There’s an old saying: “If everyone liked the same things, who’d dance with the fat girls?” This applies to everything – food, furniture, wallpaper patterns, compatible friends and lovers. And, of course, movies.
Different tastes I completely understand. In spite of my dislike of the Farrelly Brothers, their movies continue to make buckets of money. Obviously, neither of the Farrellys are calling me on any sort of regular basis to ask what it would take to get my butt in a theater showing one of their latest excess-fests, and that’s perfectly fine. We’ve agreed to disagree. I prefer a different-sized dance partner when it comes to their style of humor.
What blows my mind is when I seem to be one of an infinitely small group of individuals on the planet whose opinion of a certain feature is entirely different from that of the rest of the population. Anyone remember the movie “Heat”? Not the Burt Reynolds train wreck from the ‘80s, but the bloated crime drama that boasted the historic first on-screen meeting of Über-thespians Robert “You talkin’ ta me?” DeNiro and Al “Am I talkin’ to you?” Pacino. I was so excited to see these two actors on screen together, I just knew my eyebrows would singe from the intensity. Instead, I found myself wading hip-deep in melodrama and over-acting that would make the Keystone Cops cringe with embarrassment. By the time the two giants of the pretend game finally showed up in the same frame, I was breaking plates over my head to stay awake. And once their scene was done, I was left with an overwhelming sense of ‘So what?’
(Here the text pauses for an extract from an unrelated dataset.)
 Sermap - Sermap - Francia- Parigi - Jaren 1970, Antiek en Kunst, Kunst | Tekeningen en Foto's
However, everyone and their mother raved about that movie. They couldn’t stop talking about it. I was beginning to think I’d seen a different film, somehow. I kept saying “The one with Val Kilmer, right?” And they’d nod emphatically while their eyes glazed over as they talked about the sparks that erupted during the classic “meeting”. For my money, the only sparks came from my bone-dry lighter as I tried desperately to burn theater down.
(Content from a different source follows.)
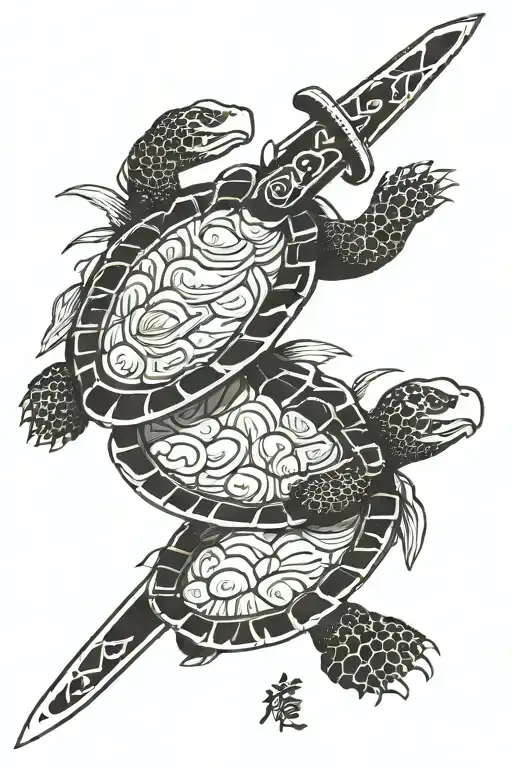 Turtle With Giant Buster Sword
That’s just one example, of course. I could go on for days – as anyone who knows me can tell you. Others leap immediately to mind. One in particular. One biggie.
Nothing, friends, absolutely nothing compares to the fistfights I get into over one of the single most revered films ever made. There is a horror movie that both geeks and fan boys agree on, a movie even non-movie buffs enjoy. Considered to be more frightening than seeing your grandmother naked, more stylish than a gay fashion show, and since it’s release in 1980, countless historians have dissected, analyzed, ingested, absorbed, laughed, cried and become one with this movie. And what is this alleged movie worshipped by one and all, the cinematic all-father? None other than Stanley Kubrick’s “The Shining”.
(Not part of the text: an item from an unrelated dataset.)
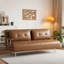 Canapé-lit convertible 70,8 po moderne, futon Mid-Century en similicuir avec dossier réglable à 5 niveaux et pieds de soutien cachés-669320074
I can’t see this movie for dirt. (Having once uttered this statement in a crowded room, I barely escaped with my life.)
Part of my problem is that (*gasp*), I don’t care much for Stephen King – though I do remember enjoying the book many moons ago. After repeated viewings, the movie still leaves me completely cold. And after encountering … well, everybody, I’ve started to wonder if, again, I somehow managed to see a completely different film. Thanks to some bizarre rip in the space-time continuum, everyone else in the world has seen a good version of “The Shining”, while I wound up with a crappy cut. That’s the only explanation for it. Because everyone and their pet ocelot has tried desperately to show me the error of my ways. But I don’t like this movie. It doesn’t work for me. I don’t find it particularly scary. Shelly Duvall fails to evoke any sympathy from me, and I fully expect Jack Nicholson to go off the deep end as soon as the credits stop rolling. One step over the threshold and he’s a snarling, drooling beast. And that’s pretty much what happens.
‘But, God! Doesn’t the movie evoke feelings of isolation and claustrophobia?’ Yes. But so does getting stuck in an elevator, and that’s not much fun either.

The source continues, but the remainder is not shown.